Yes, but the point is that now we don’t have to build a full CMS. Off the shelf ones won’t typically work for the sort of content being edited (i.e. it’s not blog posts etc).
But you do need an Engineer to hit the merge button for you when a build is green.
This is okay now, but could become a major pain when your company grows and Nancy in Accounting who is an aspiring writer starts making _hundreds_ of copy changes with pull requests every week. You're going to really wonder where all your engineering time went when suddenly you have a dozen Nancy in Accountings...or a hundred.
Then somebody sits down with Nancy and reminds her what her job is. If she can't handle it still then you revoke her access or fire her for abusing business tools.
But she gets her job done and probably very well.
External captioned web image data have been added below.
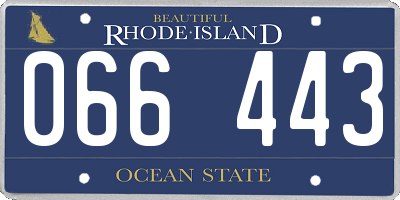 RI license plate 066443
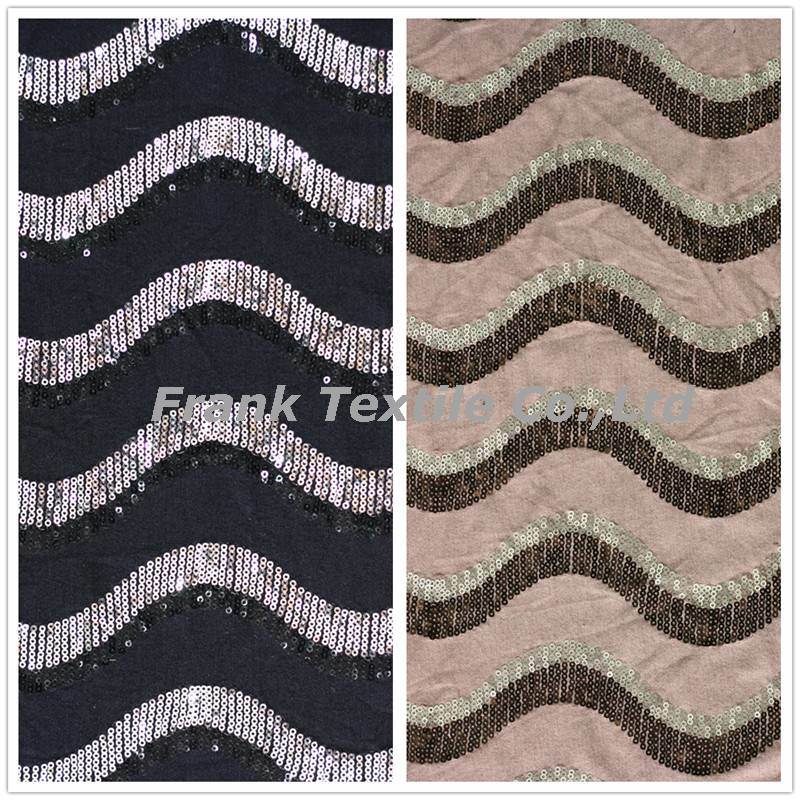 Sequin Embroidery with Wave Line Design-Flk039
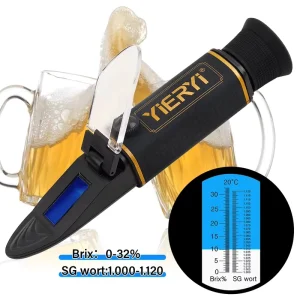 YIERYI Handheld Brix SG Wort Refractometer 0 32% with ATC for Beer Wine Juice Sugar Measurement Tool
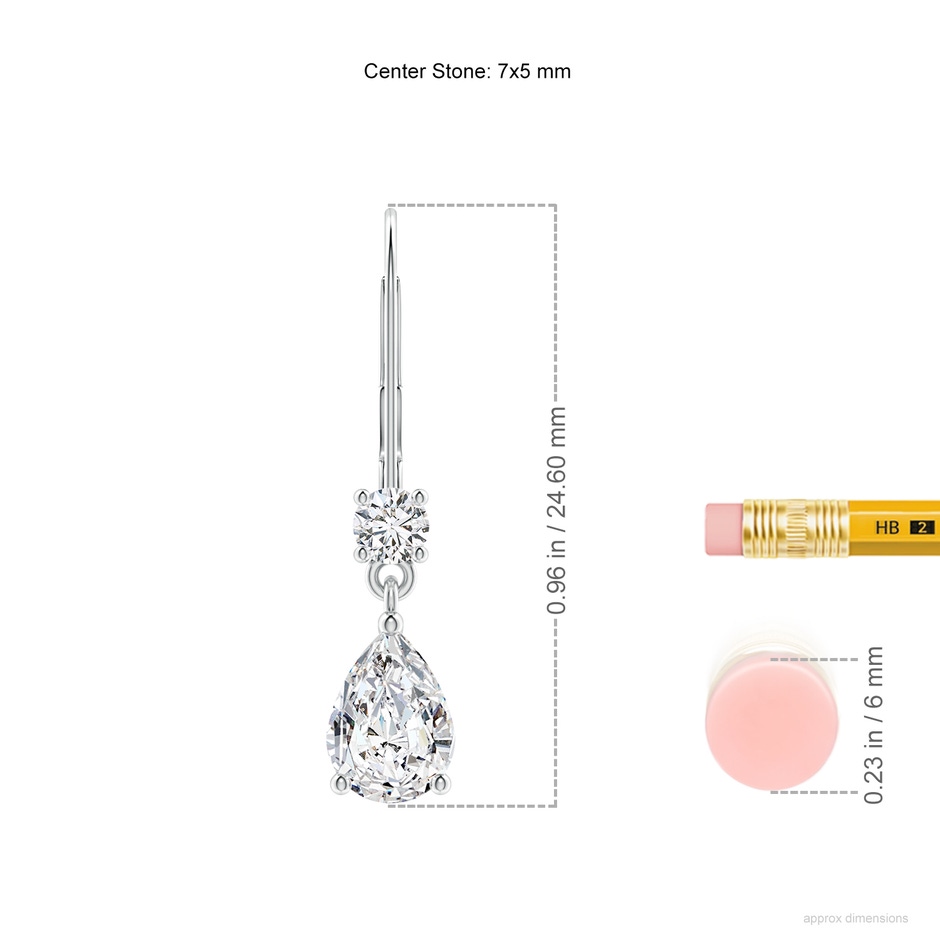 7x5mm HSI2 Pear Diamond Leverback Drop Earrings with Diamond Accent in White Gold ruler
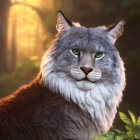 Majestic large feline with thick mane in sunlit forest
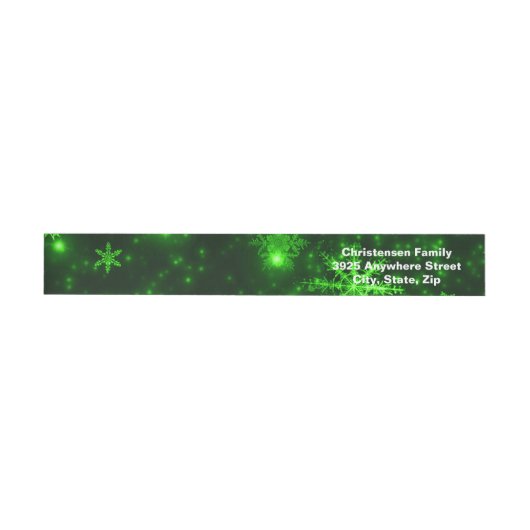 Snowflakes Green Background Wrap Adresetiketten Omwikkelbaar Adreslabel (Individueel)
The point is that you gave _everyone in the company_ the ability to contribute to the product.
If you do that, you are communicating to your employees that everyone is welcome to make contributions to the product. If not, why the f* would you do it?
Because you expect your employees to behave like adults? I assume you don't just give everyone access without and set them free without any training or guidance. If someone can't handle a responsibility you take away the responsibility and/or replace them.
I have access to pretty much every Confluence page at work, including ones other people set up for executives to look at, but I don't go around making changes and editing those pages just because I have access.
People aren't robots. You can hold them accountable for their actions and they can make their own (good or bad) choices.
Fair point. Currently we don’t encourage this across the whole company for copy changes. We mostly teach this to specific people who need to edit specific data.